Abstract
The hypothesis is presented that the thrust faults in the plains adjacent to the Bearpaw Mountains in north-central Montana were produced by a plainsward sliding of the volcanic rocks and underlying strata down the flanks of the low sedimentary arch on which the volcanics rest. It is predicated that this slipping took place on a bed of bentonite in the Colorado shale and was aided by earth tremors that accompanied the last stages of the volcanic outbursts. The flat-lying Upper Cretaceous and lower Tertiary strata in the adjacent plains which, if more rigid, would have obstructed the plainsward sliding of the tilted mountain mass or been overridden by it were shoved plainsward and thrust-faulted for a distance of 20 to 30 miles.
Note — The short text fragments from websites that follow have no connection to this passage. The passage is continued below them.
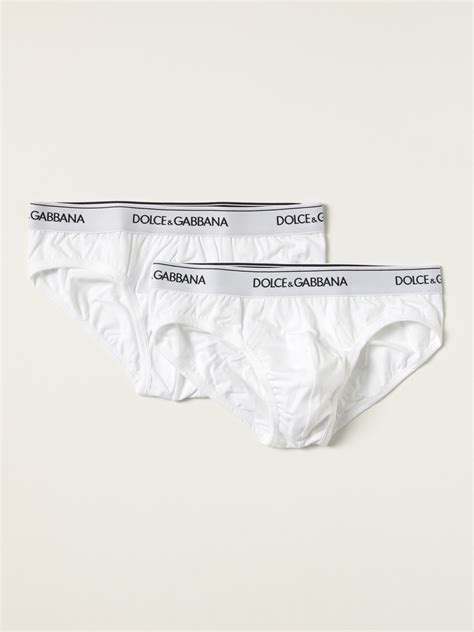 dolce gabbana unterwäsche herren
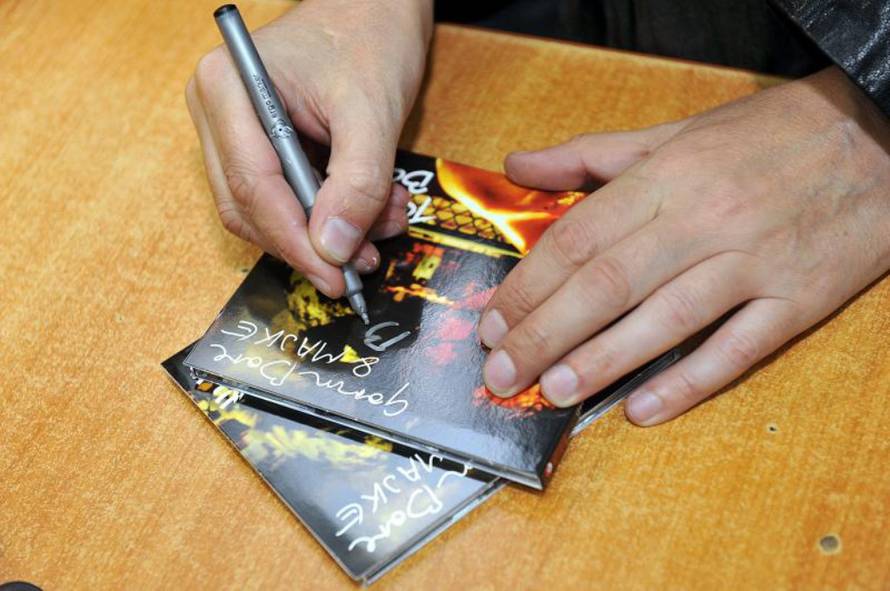 Goran Stanzl/Pixsell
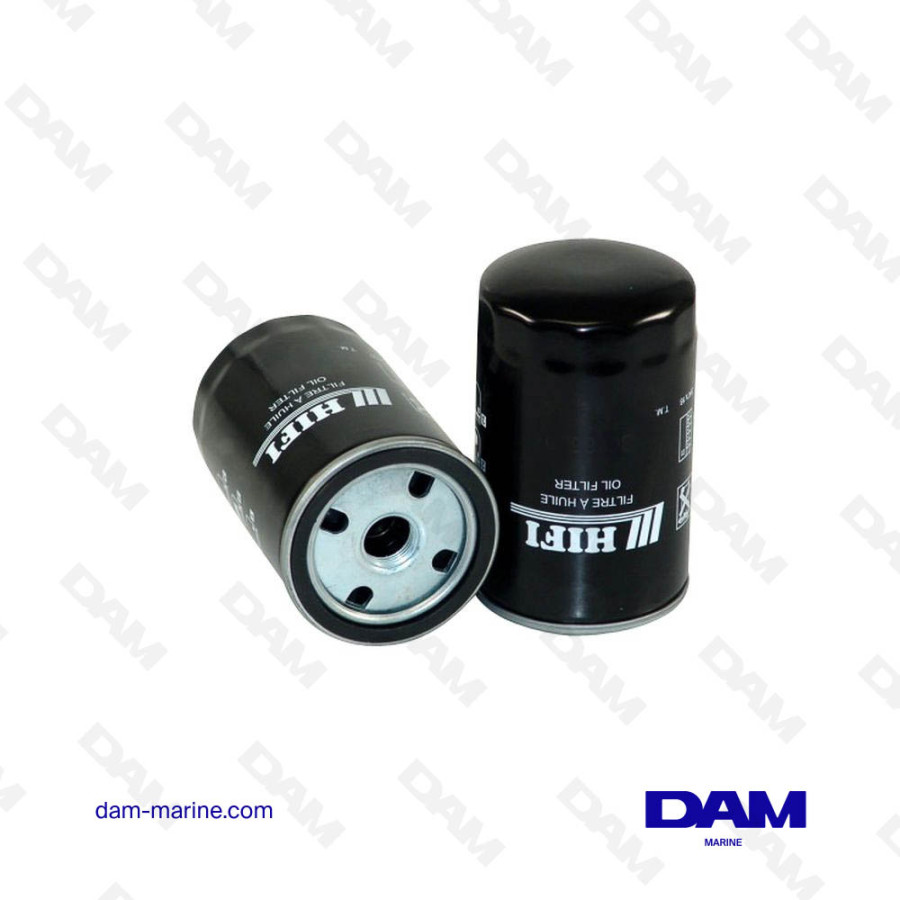 LOMBARDINI OIL FILTER - KOHLER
The faults show no progressive plainsward decrease in amount of thrust across the broad area in which they occur and are separated by wide belts of undeformed flat-lying strata. These anomalous features are attributable to slight frictional resistance t o movement offered by a slippery bentonite bed and the probability that the sedimentary rocks over part of the faulted belt were overlain and strengthened by a cover of volcanic rocks that thinned toward the outer margin of the faulted belt. The deformed strata consist chiefly of shales that were too weak to support the load involved in lifting the strata in anticlinal folds. Therefore, thrust faulting, instead of anticlinal folding, took place.